Student films ‘Jean,’ ‘The Island Universes’ also garner
high honors at CSU Media Arts Festival
Los Angeles, CA – For their depiction of an animated soul rising above mundane conformity in their film ‘Ups and Downs,’ two Cal State L.A. students received a Rosebud Award, one of the top honors at the 2008 CSU Media Arts Festival, held recently at CSU Channel Islands in Camarillo, CA. Two other Cal State L.A. films also received honors—in the experimental and animation categories.
The annual festival showcases exceptional student film and video projects from throughout the CSU system’s 23 campuses. A panel of industry experts judged 175 entries and chose 35 finalists for the award competition within nine categories: animation, documentary, experimental, interactive, music video, narrative, television, feature screenplay, and short screenplay.
Here are this year’s award-winning films by CSULA students:
Rosebud Award, first place (television category)
By art majors Ian Lollar of San Dimas and Tyler Andersen of Diamond Bar, it presents (in a movie trailer) an alternate future where efficiency reigns supreme. The nearly two-minute film took roughly three months to produce (amid other academic priorities). Posted on YouTube Dec. 13, 2007, it had been viewed more than 400 times by Nov. 20, 2008. It ends with the question: “Life is about rules. I mean…. What’s the worst that could happen?” The students received a $500 cash prize; $250 was also awarded to the Art Department at Cal State L.A. Lollar and Andersen were advised by Art Professor Tony Longson.
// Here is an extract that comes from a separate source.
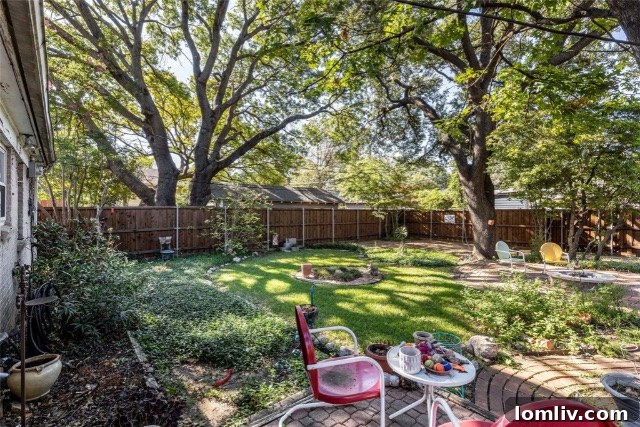 Detailed view of the new board-on-board fence with decorative cutouts and swing gate.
Second place (experimental category)
By television and film majors Luz Reyes of Los Angeles and Huiwen Tsao of Alhambra, it follows a pair of jeans trying to walk its way home—in stop-motion footage.
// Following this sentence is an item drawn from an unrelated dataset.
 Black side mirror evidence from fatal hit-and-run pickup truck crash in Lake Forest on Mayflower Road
Fourth place (animation category)
Directed by graduate art student Dal Lim Park of Los Angeles, it features an explanation of Kant’s hypothesis of galaxies. More than a dozen other students contributed to the project, including lead animator Javier Zumacta.
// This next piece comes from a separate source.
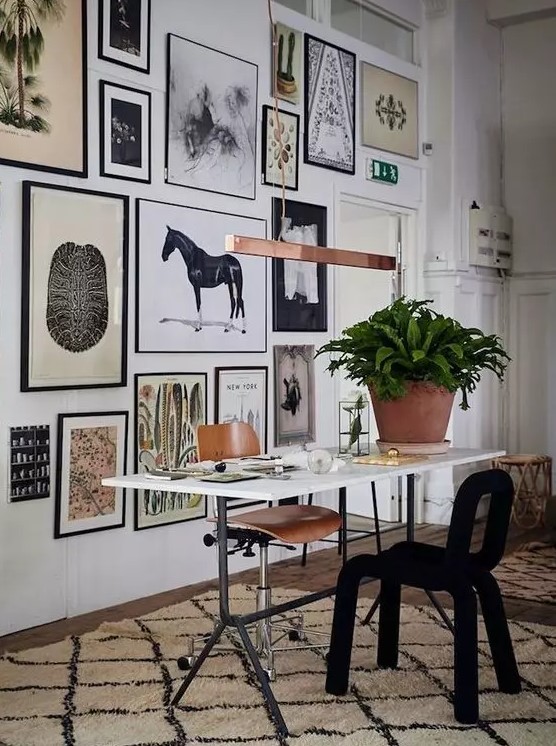 an eclectic home office with a lightweight desk, a plywood and black soft chair, an oversized gallery wall with potted plants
The film is a product of Cal State L.A.’s Sci-Vi Lab (http://sci-vi.calstatela.edu). Formally called the Integrated Training Pipeline for Scientific Visualization and supported by the National Science Foundation, the lab is a collaboration between Cal State L.A. and NASA’s Jet Propulsion Laboratory.
CSU Summer Arts established the Media Arts Festival in 1990 to provide CSU students an opportunity to present their works for critical review. The festival also helps students transition from producing films, videos, and interactive media in university classes to working in related industries.